Later, on Nov. 3, 1996, there was an odd traffic accident that took place in Turkey, and for many Turks, this accident came to represent a turning point. The car involved in the notorious accident in Susurluk contained a former leader from the right wing sought all over the world (Abdullah Çatlı), one top-level police official (Hüseyin Kocadağ) and a parliamentary deputy (Sedat Bucak).

It was said that there was strong evidence that Çatlı had been sent by the state abroad to incapacitate Armenian terrorists operating internationally. This was the same person who, before 1980, had been involved in bloody protests and who had been accused personally of being the cause for the deaths of so many leftist youth in Turkey.

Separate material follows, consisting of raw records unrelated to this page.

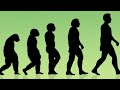 Grade 12 Biology, unit 4 -Evolution in Amharic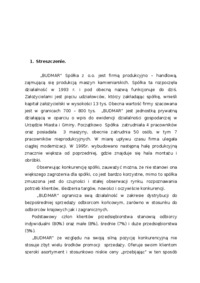 analiza-ekonomiczna-spolka-produkcyjna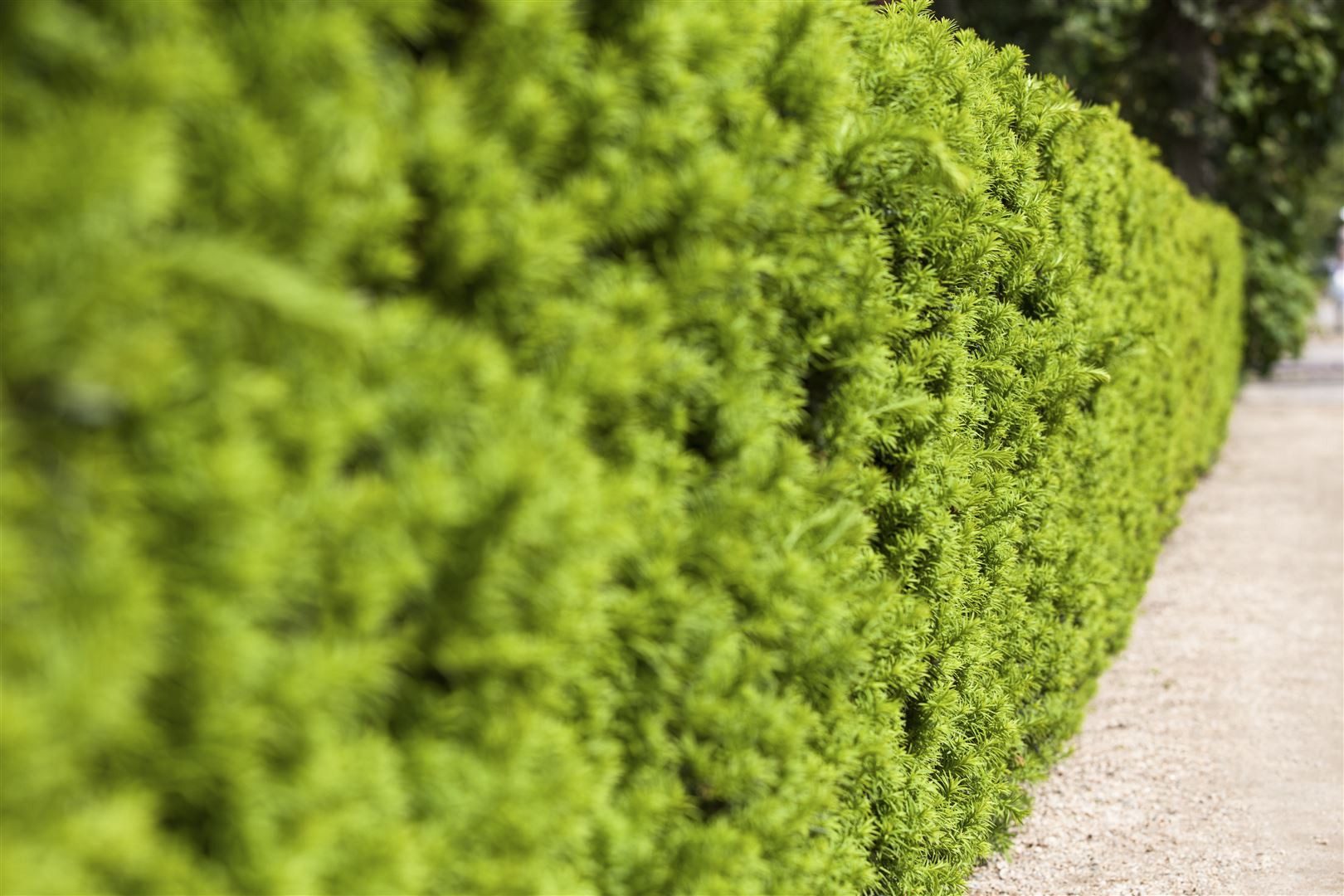 Pflanzen für Dich Konifere Taxus media Hicksii, 1 St., Bechereibe, Hybrid-Eibe, immergrün, säulenförmig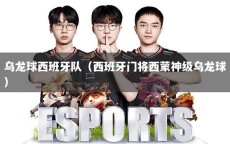 乌龙球西班牙队（西班牙门将西蒙神级乌龙球）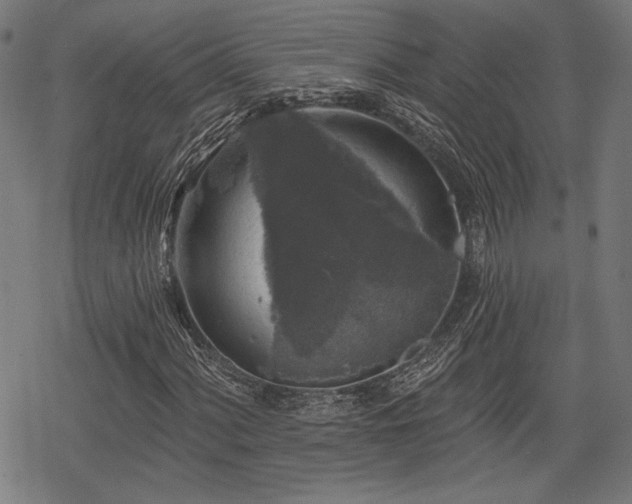 X0000068891060200605081314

Meanwhile, Police Chief Hüseyin Kocadağ, who died in the Susurluk accident, was known for his identity as a leftist and an Alevi. Thus the people of Turkey were shocked when a famous right-wing terrorist and a renowned leftist police commander were revealed to have been in the same car. The weapons present in the car, the fact that the car itself belonged to a deputy who was also the family head of an enormous clan from the Turkish East, the fact that an unknown woman was also present in the car... Everything turned in one moment into a mysterious puzzle and one which still hasn’t been solved.

Deputy chief of the Turkish Police Intelligence Bureau at the time, Hanefi Avcı, talked during a live television program of a “gladio” that had settled itself into the workings of the government. At that time, then-general Veli Küçük blamed Intelligence Bureau Chief Mehmet Eymür and current DYP leader Mehmet Ağar. According to Avcı, the structure that had rooted itself in the government was a triangle consisting of the military, police and politics. For saying these words, Avcı was arrested, but then later returned to his post, where he carries on to this day. But the curtains of secrecy have never lifted on this event because the people named in the Susurluk accident never came to court to give their testimonies.

There have, however, been frequent reminders of the gladio organization that former Prime Minister Ecevit used to mention so often because the phenomenon of unsolved murders has continued on while different groups in society become hostile to one another. Because of psychological wartime techniques, the people themselves have experienced polarization.

Suspicion in Turkey over gladios and gangs has carried on until today. And there are connections between some of the events we see occurring today and some of the secret structures within the government.

And with no transparency being endowed on any of these suspicions, every event that takes place in Turkey winds up with a question mark hanging over it.